An Elixir of the Gods
Some attribute the Spanish conquistadors for introducing mezcal to Mexico though there is a more fun, mythological origin story: that an agave plant's heart was exposed, cooked, and its juices released after a strike of lightening, thus creating this "elixir of the gods." Regardless of its real origins, ever since it burst onto the scene, mezcal has been breathlessly covered in news outlets — the New Yorker ran a lengthy piece on it in 2016 and NPR did a story on the rise of mezcal benefiting Mexico's small producers — and hasn't stopped its worldly expansion.
More and more cocktail bars and their mixologists are turning to mezcal to create drinks that are incredibly inventive and full of character. "The first thing you’ll notice in any mezcal is the intense smoky flavor from the charring of the piña. Most drinkers are familiar with smoky spirits, usually scotch, but mezcal’s singular flavor profile accents that upfront smoke with sweet, floral, and sometimes fruity undertones," says Chris Shannon, mixologist at The Ritz-Carlton, Dove Mountain, outside Tucson, Arizona. "The versatility of different mezcals make it a truly unique spirit."
How to Enjoy Mezcal
Given the location of The Ritz-Carlton, Dove Mountain in the Sonoran Desert and its proximity to the U.S. border with Mexico (which is just 80 miles away), it makes sense for Mexican heritage to be widely represented in all aspects of the hotel, especially on the menus of its restaurants and lounges. According to Shannon, jalapeños, habaneros, tajin seasoning and limón pair well with mezcal's smokiness because their bold flavors are able to stand up to mezcal's complexity. He'll mix these ingredients with ginger beer for a twist on the Moscow mule: "perfect for the sultry summer days of southern Arizona."
Shannon's favorite way of introducing mezcal to guests is through a modified version of the classic Penicillin cocktail. Usually made with Scotch whiskey, he substitutes it for tequila, but adds half an ounce of mezcal that he'll float on top of the drink to give an initial impression of a mezcal-based concoction before diffusing into something sweeter. "I find it very approachable for guests who may be hesitant about mezcal or heavily smoky flavors," he says.

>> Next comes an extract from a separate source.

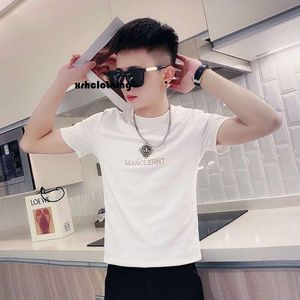 T-shirt Men Short 2024 Summer Fashion Märke broderad rund hals halvärmad topp mäns nya trend t-shirt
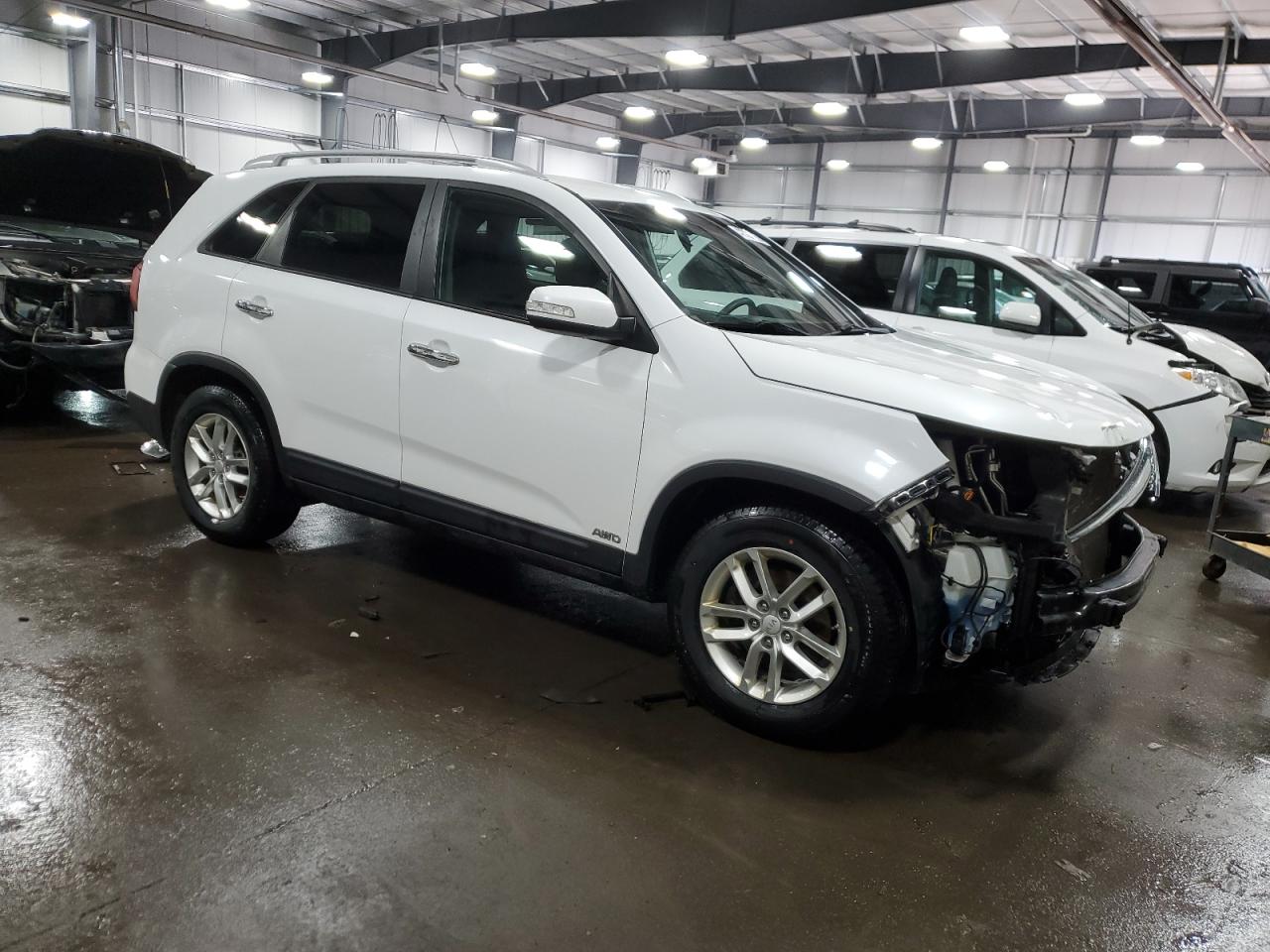 2015 KIA Sorento VIN 5XYKTDA75FG581078 Copart auction photo, front end damage thumbnail 4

Across the world in Bahrain, says Riccardo Fabian Ciancilla, the beverage manager of The Ritz-Carlton, Bahrain has a different task of seamlessly blending Mexican and Middle Eastern flavors. "We have to be very careful with the balance of mezcal's flavor," he says. "To create recipes that evoke the essence of Bahrain, we combine it with ingredients like kenar, which closely resembles apples in taste and share, a sour ingredient commonly used for teas." However, at the hotel's Mexican restaurant Cantina Kahlo, Ciancilla does have free rein to go all out Mexico. Take the Mezcalita, for instance, which infuses elements meant to convey what a childhood in Mexico would have been like — staples like pineapple and chamoy are balanced out with hoja santa, lime, and mezcal.
"Mezcal is more spiritual than other spirits — it's representative of the culture. You can feel the history, the tradition," Ciancilla says. "Like in wine, every bottle of mezcal has a unique story."
Mix Your Own Mezcal Magic
Abeja Reina, courtesy of Chris Shannon, mixologist at The Ritz-Carlton, Dove Mountain, outside Tucson, Arizona
· 1.5 oz reposado tequila
· 1 oz honey-ginger syrup
· 1 oz fresh-squeezed lemon juice
· 0.5 oz mezcal
*Combine the tequila, syrup, and lemon juice in a shaker. Shake gently until well mixed. Strain over fresh ice in an old-fashioned glass. Use a bar spoon to float the mezcal on top. Garnish with a strip of candied ginger.